### GIVEN DATA
----

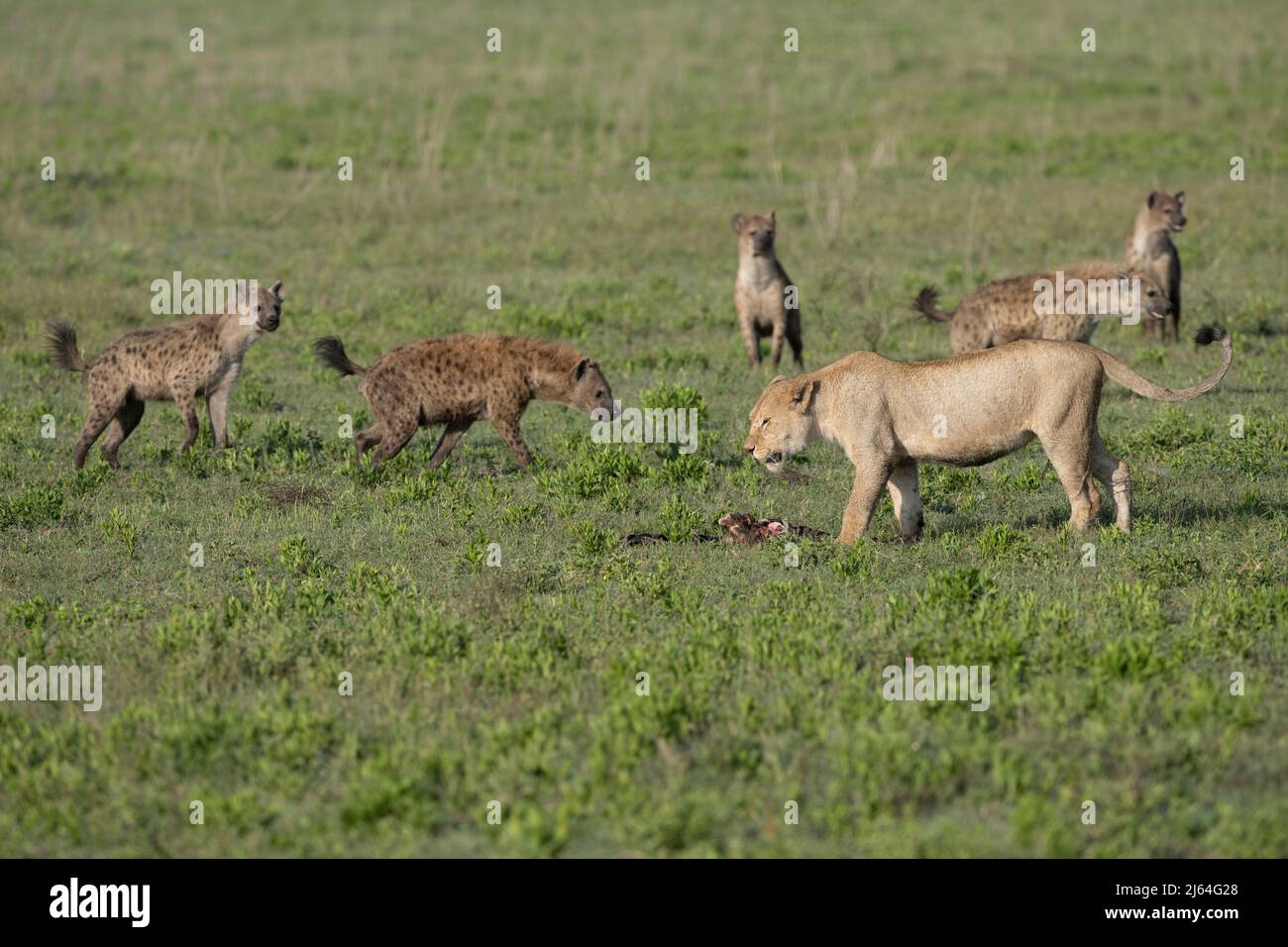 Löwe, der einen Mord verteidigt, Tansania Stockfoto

----

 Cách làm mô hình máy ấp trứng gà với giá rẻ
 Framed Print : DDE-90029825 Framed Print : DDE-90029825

----

### DIRECTIONS
Taking the entries above, write out exactly each line from the one holding "Cách làm mô hình máy ấp trứng gà với giá rẻ" to the one holding "Framed Print : DDE-90029825 Framed", both included, and stop there.

### FINISHED EXERCISE
 Cách làm mô hình máy ấp trứng gà với giá rẻ
 Framed Print : DDE-90029825 Framed Print : DDE-90029825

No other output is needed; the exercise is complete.